O problema é que a banda ainda tinha contrato com a Island e acabaria forçada pela gravadora a não encerrar atividades antes de cumprir alguns compromissos e iniciar outra turnê – que já estava agendada e financiada pela empresa. Era encarar a estrada mesmo contra a vontade, ou ganhar um processo. Rock and roll circus, a tal tour malvinda, aconteceu no mês seguinte, e trazia a banda dividindo o palco com malabaristas e o comediante Max Wall.
Na época, a parada do momento para o grupo era divulgar seu quarto álbum, Brain capers, um disco de 1971 na Inglaterra e de 1972 nos EUA, e o último pela Island. Um disco que era a cara da virada do pré-punk para o glam rock, no tom confessional que marcaria o Mott depois do contrato com a CBS, em faixas como a quilométrica The journey (“bem, eu sei que perdi um pouquinho na jornada/quando minha mente foi dividida por pequenas coisas que não se encaixavam no caminho”) e a desencantada Second love, sobre um fim de amor que Ian não vivia na época (casou-se no começo dos anos 1970 e nunca se divorciou).
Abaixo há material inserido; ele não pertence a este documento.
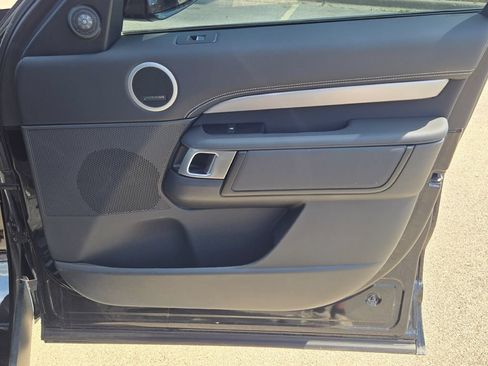 Used 2023 Land Rover Discovery S R-Dynamic AWD/4WD image 8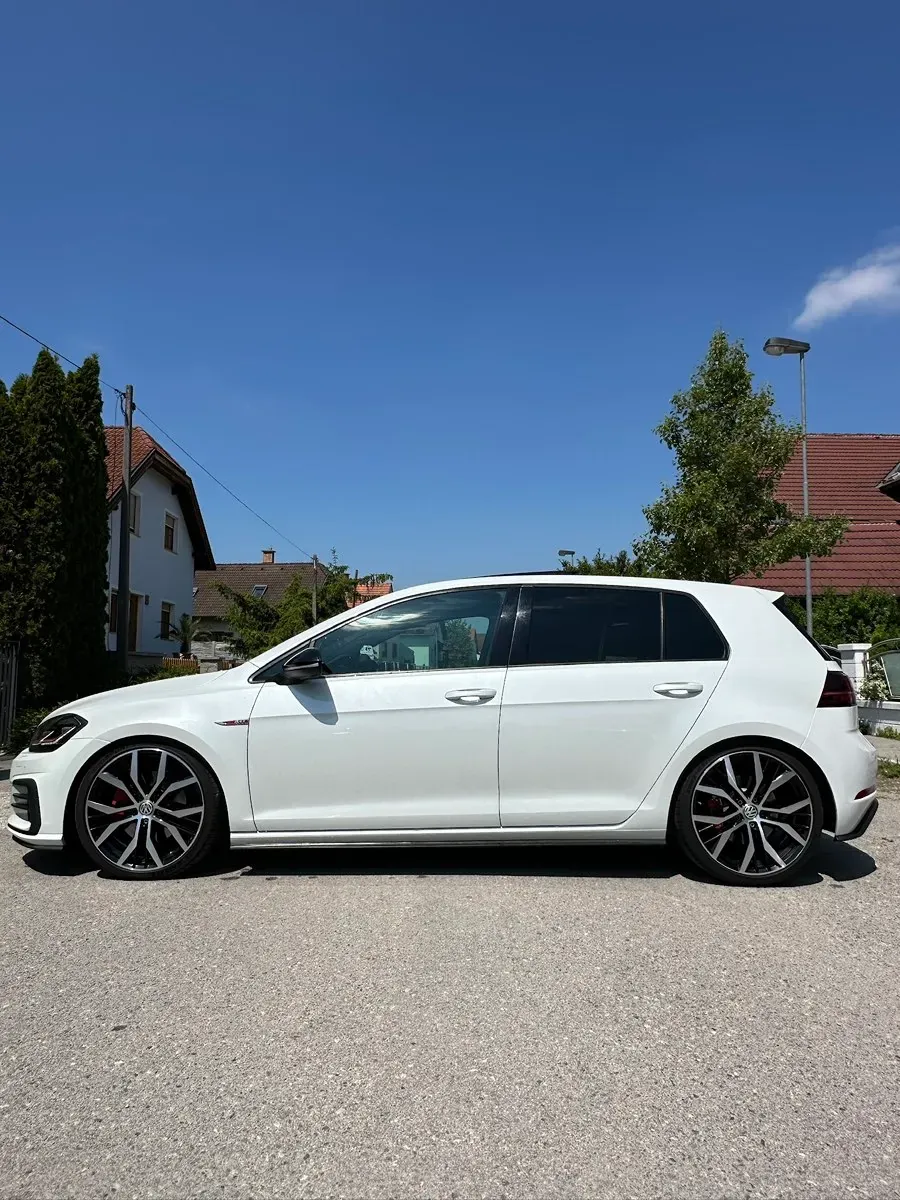Volkswagen Golf 2017 photo 3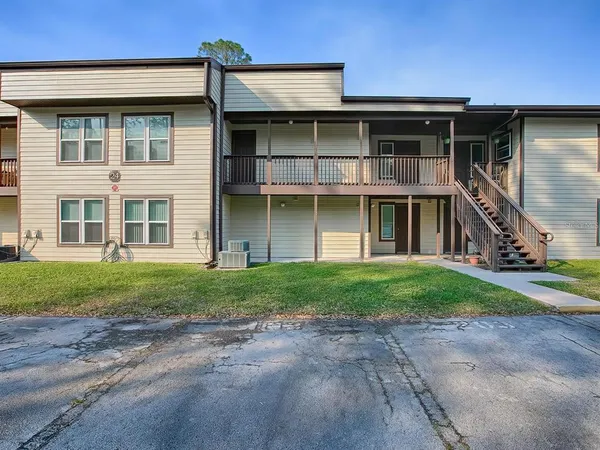 $115,000 | 24104 Sandalwood Drive, Unit 104, Wildwood, FL 34785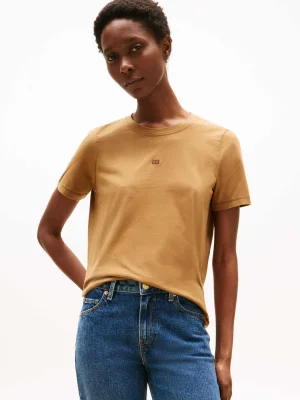 ყავისფერი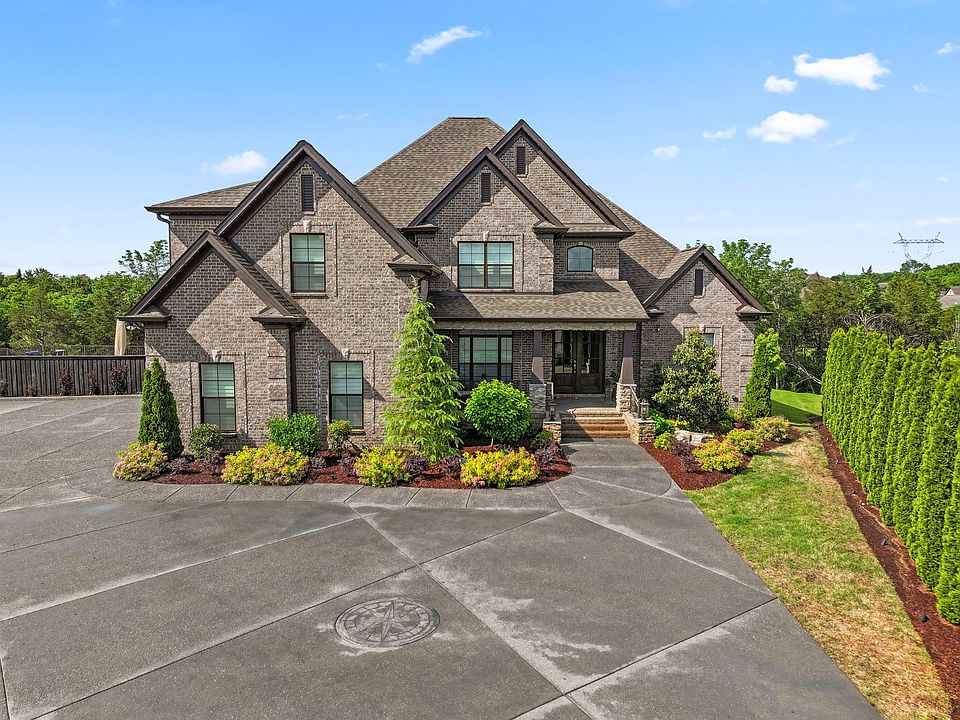 2nd image of 2900 Carisbrooke Dr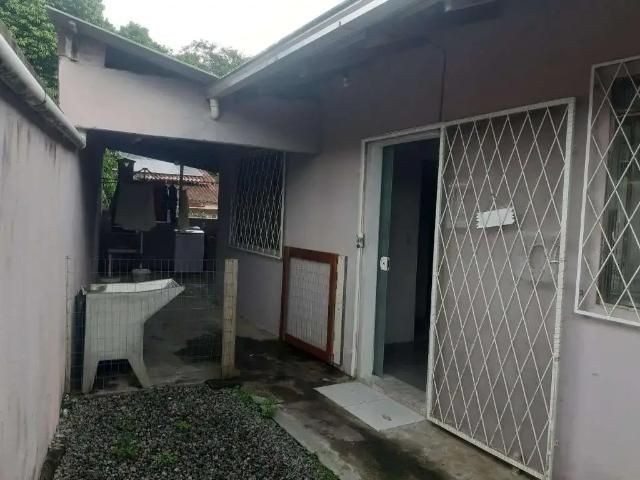 Casa / Sobrado para Locação em Joinville/SC Paranaguamirim 2 Quartos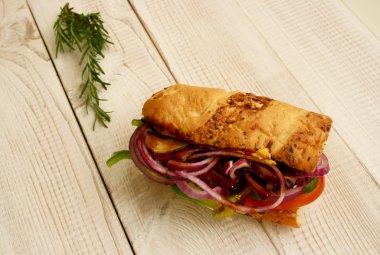 sandviç salata, soğan, salam, sucuk, jambon, peynir ve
O clima meio hard rock/meio pré-punk do álbum é garantido com as sacanas Death may be your Santa Claus e The moon upstairs, duas canções que, caso Brain capers tivesse vendido bem, teriam feito o numeroso público do Mott muito feliz – e vale lembrar que um dos maiores dilemas do grupo era entender porque é que o público comparecia em peso a seus shows, mas não comprava os discos. Brain capers, que por pouco quase não se chamou AC/DC, Sticky fingers, Brain haulage ou Bizarre capers, foi um fracasso até bem mais retumbante que os discos anteriores, que pelo menos ficavam em últimas colocações nas paradas de álbuns. Essa fase inicial da banda permanece fora das plataformas de streaming.
Mick Jones, futuro guitarrista do Clash e fã milenar de Ian Hunter e seus colegas (Guy Stevens, produtor e mentor do Mott, cuidaria das gravações de London calling, duplo de 1979 dos punks britânicos) recordou num documentário sobre o Mott The Hoople que havia uma peculiaridade na banda. Segundo o músico, o mais legal do grupo é que eles pareciam “uns Rolling Stones mais acessíveis”, uma banda bem mais próxima de seu público do que do estrelato. Uma banda ligada à contação de histórias, à virada rápida do fracasso para o sucesso (e vice-versa) e às verdades secretas do dia a dia.